What you write must match exactly the lines from the one with "July 2015 Debt Payoff Report" through the last line of the material below.

▶ [GIVEN INFORMATION]
· · · ·

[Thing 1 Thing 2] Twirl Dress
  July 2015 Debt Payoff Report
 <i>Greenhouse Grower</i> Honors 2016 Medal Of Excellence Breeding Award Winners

· · · ·

▶ [ANSWER BOX]
  July 2015 Debt Payoff Report
 <i>Greenhouse Grower</i> Honors 2016 Medal Of Excellence Breeding Award Winners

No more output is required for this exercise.